The experiment consisted of 390 trials (5 actions × 13 test posture times × 6 repetitions) divided into ten blocks. The factor test posture time was completely randomized. Prior to the experiment, the participants received an initial familiarization phase where all actions were presented twice. This was followed by a practice phase containing different actions than in the experiment (knee-bends, throwing a ball with both hands, throwing a basketball). The practice phase consisted of 45 trials and did not include a real-time condition. This was because the participants received feedback on the forced choice task (“earlier” or “later”) and there was no correct response alternative in the real-time condition. An experimental session lasted about 1 h. No feedback was given to the participants during the experimental phase.

The data analyses focused on the response distribution (i.e., percentage of “later” judgments) across different TPTs. TPTs are reported relative to the occluder time. Negative values represent TPTs shorter than the occluder time presented and positive values TPTs longer than the occluder time presented. The proportion of “later” responses was analyzed by using an iterative least-squares fitting to an exponential logistic function. This allows the analysis of two parameters of the individual functions: the point of subjective equality (PSE) and the just noticeable difference (JND) (Gescheider, 1997). The PSE is the point at which the function yields a probability of 0.5 (i.e., a TPT is judged at chance level and it refers to the subjective real-time outcome (i.e., the presented action outcome at this point in time matches the dynamically updated mental action representation of the participant). The JND is defined as half the difference between the TPT, which is classified as “later” on 25% and the TPT, which is classified as “later” on 75% of the trials. It is a measure of the steepness of the function and indicates the smallest possible physical difference that can be detected reliably.

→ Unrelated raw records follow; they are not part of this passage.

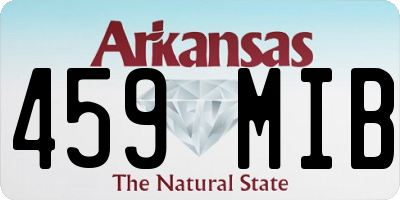 AR license plate 459MIB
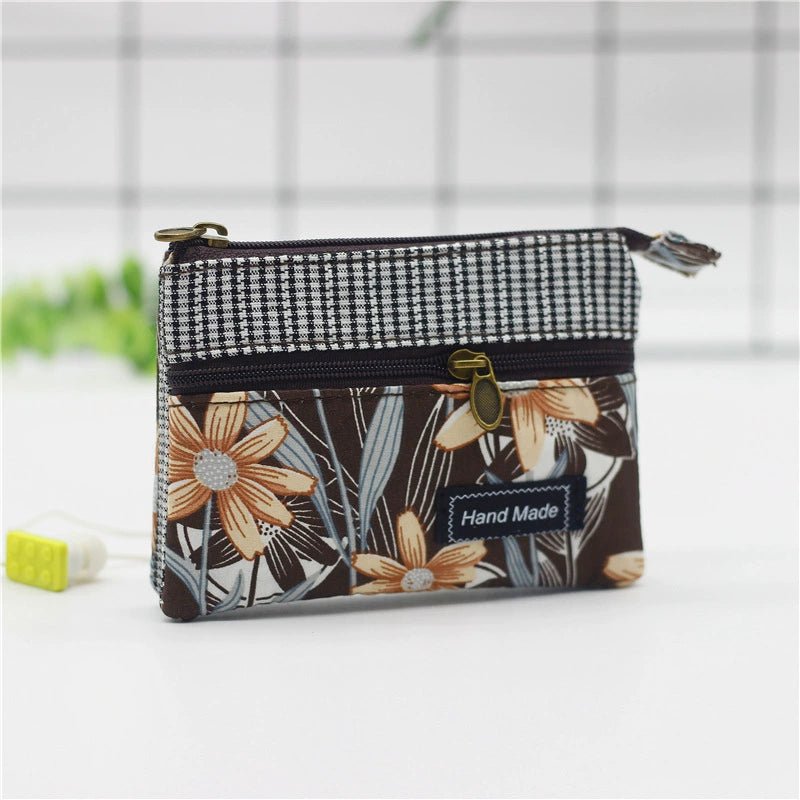 Fabric License ID Card Protective Case Small Wallet - Walmarkettt.com
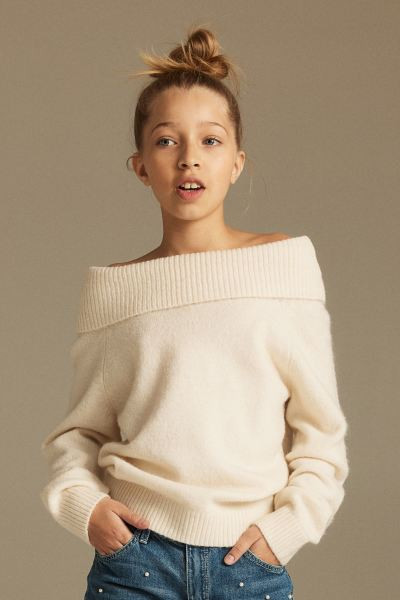 Off-the-shoulder Sweater | H&M (US + CA)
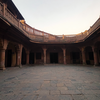 Dawn in Indian Courtyard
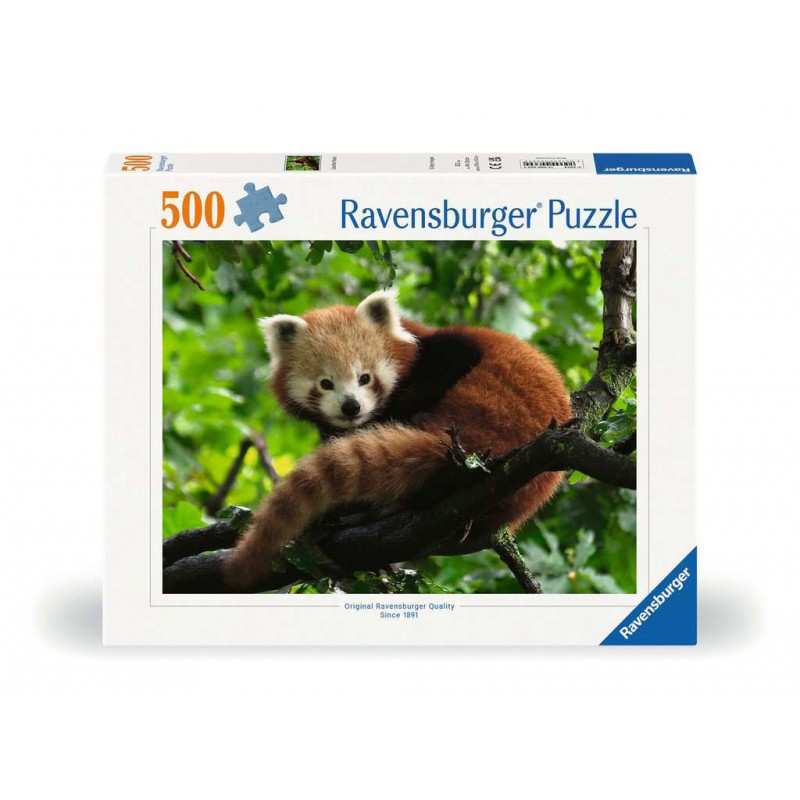 Schattige rode panda - 500 stukjes Ravensburger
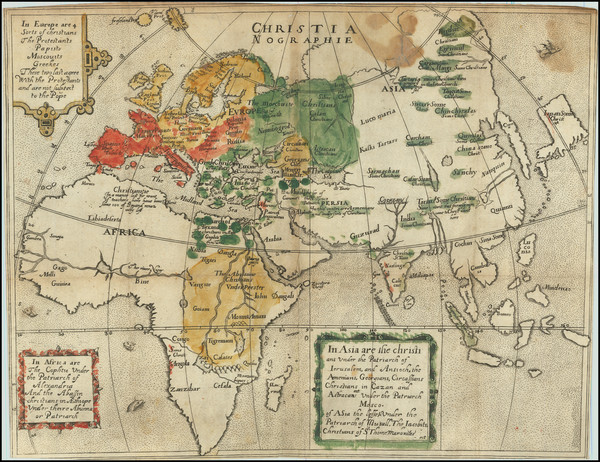 63-World, Europe, Asia and Africa Map By Ephraim Pagitt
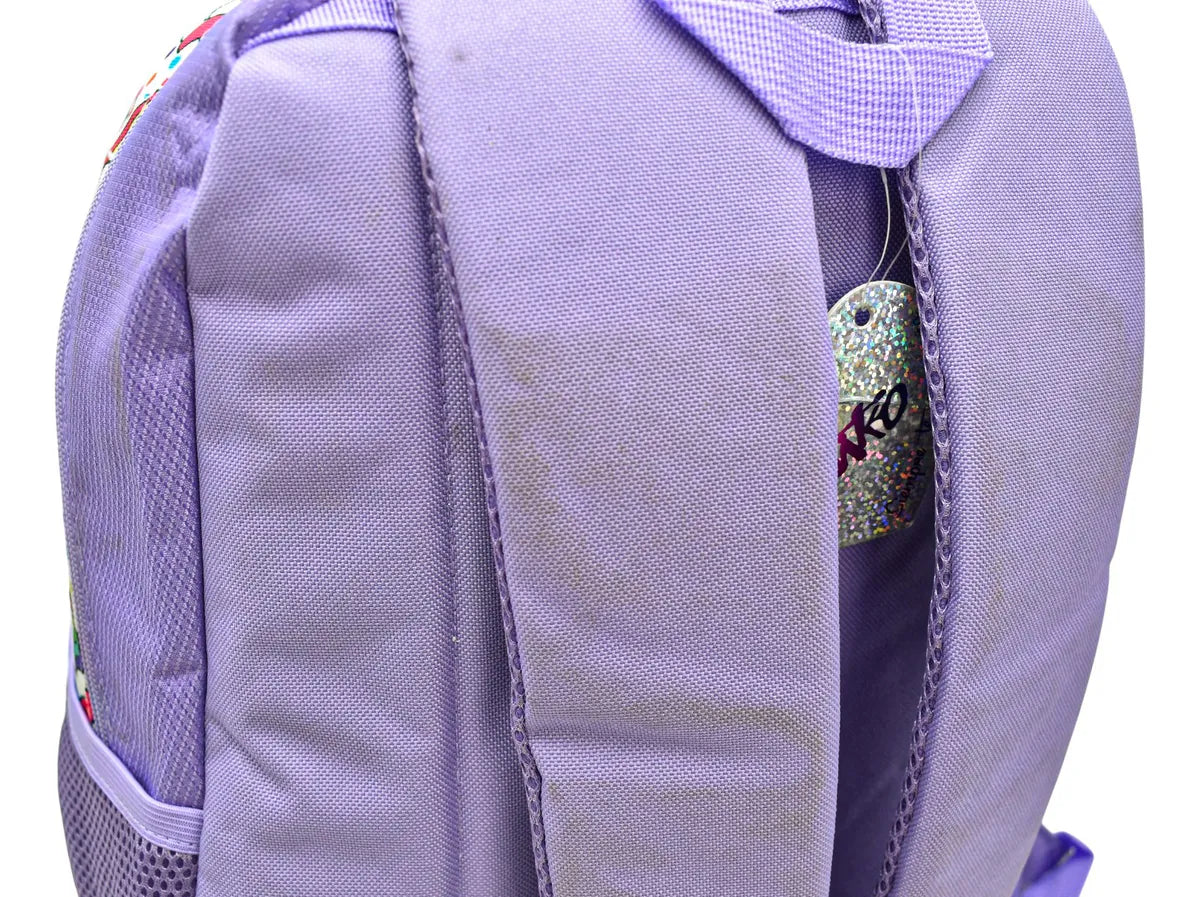 Mochila Sweet Helados Animalitos Primaria Miko Club Detalle Violeta Estampado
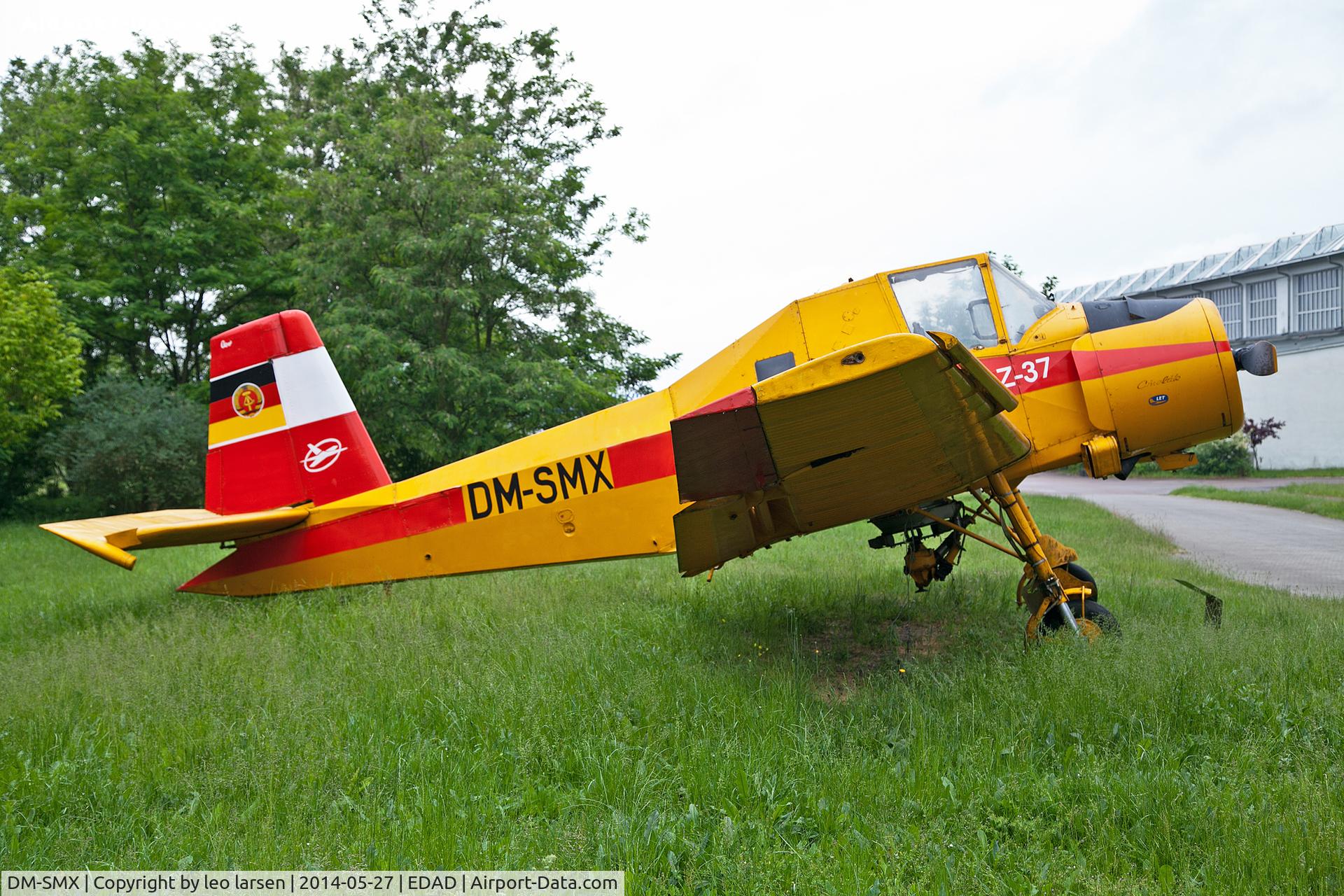 DM-SMX, 1967 Cmelak Z-37 C/N 05-12, Junkers Museum Dessau 27.5.2014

If a real-time simulation process takes place, this would imply that the participant’s mental representation corresponds to an actual real-time outcome after occlusion (due to the assumed internal real-time update of the perceived action during occlusion). In this case, we should find a PSE of zero (TPT = 0 ms), because the participant’s mental action representation corresponds to the test posture times presented.

On the other hand, if the action simulation process takes longer than the simulated action itself, we should find a negative PSE. A negative PSE would imply that the participants perceive earlier action outcomes as real time, because their mental action representation is behind relative to a real-time outcome.

Results and discussion

First, we analyzed the overall response behavior across the 13 different TPTs in a one-way ANOVA for repeated measurements. Data showed a significant effect of TPT (F(12, 228) = 146.227; p < .001; η 2 = .885), but more importantly, the linear trend analysis was reliable (F(1, 19) = 275.334; p < .001; η 2 = .935). As expected, the overall response behavior showed a significant linear increase in “later” responses with increasing TPT (Fig. 2a, Experiment 1). This confirms that the participants could solve the task although our paradigm combined a direct measurement of the time course of action simulation with a relatively high temporal resolution in contrast to previous work (Graf et al., 2007).

Fig. 2
figure 2

Results of the Experiments: a proportion of “later” responses dependant on the TPT value presented (depicted as the deviance between the occluder time minus the test posture time) for each single experiment. Bars represent standard error of the mean. The slope of the TPT pattern decreased from Experiment 1 to 3, indicating a decreasing task performance. b JND for the separate experiments: c PSE for the separate experiments

Second, we found a negative PSE of −23 ms, which differed significantly from zero (p < .05). This supports the assumption that the action simulation process takes longer than the simulated action itself (Fig. 2c). The JND was 97 ms (Fig. 2b).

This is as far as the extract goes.